[[ Excerpted data, beginning ]]

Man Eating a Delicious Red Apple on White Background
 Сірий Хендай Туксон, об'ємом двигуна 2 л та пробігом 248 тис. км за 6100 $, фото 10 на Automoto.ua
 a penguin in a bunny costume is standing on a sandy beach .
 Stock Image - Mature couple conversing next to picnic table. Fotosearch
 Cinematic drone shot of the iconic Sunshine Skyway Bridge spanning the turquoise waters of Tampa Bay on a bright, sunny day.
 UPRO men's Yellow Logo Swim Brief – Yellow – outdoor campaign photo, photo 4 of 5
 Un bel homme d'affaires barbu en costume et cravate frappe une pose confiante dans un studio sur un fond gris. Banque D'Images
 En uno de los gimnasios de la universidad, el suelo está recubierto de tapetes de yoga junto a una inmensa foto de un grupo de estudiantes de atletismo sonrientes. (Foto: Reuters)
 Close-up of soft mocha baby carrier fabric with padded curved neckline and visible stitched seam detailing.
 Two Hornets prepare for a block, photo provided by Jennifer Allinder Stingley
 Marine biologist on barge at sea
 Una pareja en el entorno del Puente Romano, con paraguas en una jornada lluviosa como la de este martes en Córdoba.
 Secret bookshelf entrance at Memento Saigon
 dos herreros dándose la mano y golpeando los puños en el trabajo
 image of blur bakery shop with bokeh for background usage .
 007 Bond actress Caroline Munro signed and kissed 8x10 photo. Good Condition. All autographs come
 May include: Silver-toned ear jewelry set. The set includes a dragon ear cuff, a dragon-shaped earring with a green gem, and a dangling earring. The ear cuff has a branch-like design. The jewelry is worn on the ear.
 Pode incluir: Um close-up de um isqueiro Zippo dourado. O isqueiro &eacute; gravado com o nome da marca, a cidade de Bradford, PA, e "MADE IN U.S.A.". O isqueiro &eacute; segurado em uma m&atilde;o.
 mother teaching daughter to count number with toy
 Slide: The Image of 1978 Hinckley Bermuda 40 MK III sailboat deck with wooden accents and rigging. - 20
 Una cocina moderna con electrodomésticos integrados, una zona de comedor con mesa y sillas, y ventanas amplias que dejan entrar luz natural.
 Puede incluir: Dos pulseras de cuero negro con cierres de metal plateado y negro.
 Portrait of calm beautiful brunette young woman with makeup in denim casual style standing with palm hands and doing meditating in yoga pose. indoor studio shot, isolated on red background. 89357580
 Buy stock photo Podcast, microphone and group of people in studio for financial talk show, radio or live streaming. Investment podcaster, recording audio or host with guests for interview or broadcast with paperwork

[[ Excerpted data, end ]]

# Work to be completed:
Your task for the entries above: copy exactly the span starting with the line with "Pode incluir: Um" and going on through the line with "Una cocina moderna", both lines included, and nothing else.

# Output for this task:
 Pode incluir: Um close-up de um isqueiro Zippo dourado. O isqueiro &eacute; gravado com o nome da marca, a cidade de Bradford, PA, e "MADE IN U.S.A.". O isqueiro &eacute; segurado em uma m&atilde;o.
 mother teaching daughter to count number with toy
 Slide: The Image of 1978 Hinckley Bermuda 40 MK III sailboat deck with wooden accents and rigging. - 20
 Una cocina moderna con electrodomésticos integrados, una zona de comedor con mesa y sillas, y ventanas amplias que dejan entrar luz natural.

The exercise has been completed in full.